Pages
=====

Pages classes
-------------

For each page you want to handle, you have to create an associated class derived from one of these classes:

* :class:`~woob.browser.pages.HTMLPage` - a HTML page
* :class:`~woob.browser.pages.XMLPage` - a XML document
* :class:`~woob.browser.pages.JsonPage` - a Json object
* :class:`~woob.browser.pages.CsvPage` - a CSV table

In the file ``pages.py``, you can write, for example::

    from woob.browser.pages import HTMLPage

    __all__ = ['IndexPage', 'ListPage']

    class IndexPage(HTMLPage):
        pass

    class ListPage(HTMLPage):
        def iter_accounts():
            return iter([])

``IndexPage`` is the class we will use to get information from the home page of the website, and ``ListPage`` will handle pages
which list accounts.

Then, you have to declare them in your browser, with the :class:`~woob.browser.url.URL` object::

    from woob.browser import PagesBrowser, URL
    from .pages import IndexPage, ListPage

    # ...
    class ExampleBrowser(PagesBrowser):
        # ...

        home = URL('/$', IndexPage)
        accounts = URL('/accounts$', ListPage)

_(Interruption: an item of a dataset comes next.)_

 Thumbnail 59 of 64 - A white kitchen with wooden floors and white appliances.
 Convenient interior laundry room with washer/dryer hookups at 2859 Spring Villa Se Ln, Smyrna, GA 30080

Easy, isn't it? The first parameters are regexps of the urls (if you give only a path, it uses the ``BASEURL`` class attribute), and the last one is the class used to handle the response.

.. note::

    You can handle parameters in the URL using ``(?P<someName>)``. You can then use a keyword argument `someName` to
    bind a value to this parameter in :func:`~woob.browser.url.URL.stay_or_go`.

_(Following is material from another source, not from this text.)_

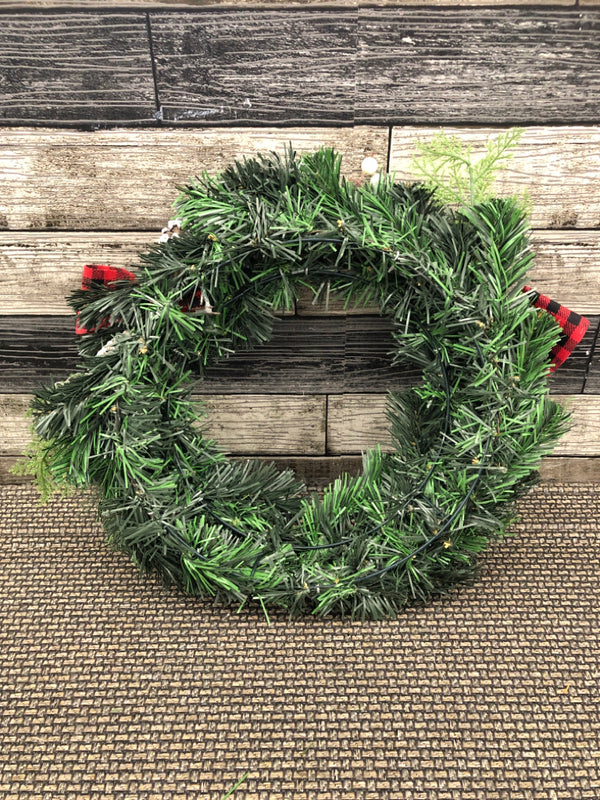 WREATH W FROSTED PINE CONES.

Each time you will go on the home page, ``IndexPage`` will be instanced and set as the ``page`` attribute.

For example, we can now implement some methods in ``ExampleBrowser``::

    from woob.browser import PagesBrowser

    class ExampleBrowser(PagesBrowser):
        # ...
        def go_home(self):
            self.home.go()

            assert self.home.is_here()

        def iter_accounts_list(self):
            self.accounts.stay_or_go()

            return self.page.iter_accounts()

When calling the :func:`~woob.browser.url.URL.go` method, it reads the first regexp url of our :class:`~woob.browser.url.URL` object, and go on the page.

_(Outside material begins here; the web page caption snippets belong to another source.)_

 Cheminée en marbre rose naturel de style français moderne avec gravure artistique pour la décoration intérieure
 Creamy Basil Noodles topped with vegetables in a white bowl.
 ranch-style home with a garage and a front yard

:func:`~woob.browser.url.URL.stay_or_go` is used when you want to relocate on the page only if we aren't already on it.

Once we are on the ``ListPage``, we can call every methods of the ``page`` object.

Use it in the module
--------------------

Now you have a functional browser, you can use it in your class ``ExampleModule`` by defining it with the ``BROWSER`` attribute::

    from woob.tools.backend import Module
    from woob.capabilities.bank import CapBank

    from .browser import ExampleBrowser

    # ...
    class ExampleModule(Module, CapBank):
        # ...
        BROWSER = ExampleBrowser

You can now access it with member ``browser``. The class is instanced at the first call to this attribute.

For example, we can now implement :func:`CapBank.iter_accounts <woob.capabilities.bank.base.CapBank.iter_accounts>`::

    def iter_accounts(self):
        return self.browser.iter_accounts_list()

For this method, we only call immediately ``ExampleBrowser.iter_accounts_list``, as there isn't anything else to do around.


Parsing of pages
----------------

.. note::
    Depending of the base class you use for your page, it will parse html, json, csv, etc. In this section, we will
    describe the case of HTML documents.


When your browser locates on a page, an instance of the class related to the
:class:`~woob.browser.url.URL` attribute which matches the url
is created. You can declare methods on your class to allow your browser to
interact with it.

The first thing to know is that page parsing is done in a descriptive way. You
don't have to loop on HTML elements to construct the object. Just describe how
to get correct data to construct it. It is the ``Browser`` class work to actually
construct the object.

For example::

    from woob.browser.pages import LoggedPage, HTMLPage
    from woob.browser.filters.html import Attr
    from woob.browser.filters.standard import CleanDecimal, CleanText
    from woob.capabilities.bank import Account
    from woob.browser.elements import method, ListElement, ItemElement

    class ListPage(LoggedPage, HTMLPage):
        @method
        class get_accounts(ListElement):
            item_xpath = '//ul[@id="list"]/li'

            class item(ItemElement):
                klass = Account

                obj_id = Attr('id')
                obj_label = CleanText('./td[@class="name"]')
                obj_balance = CleanDecimal('./td[@class="balance"]')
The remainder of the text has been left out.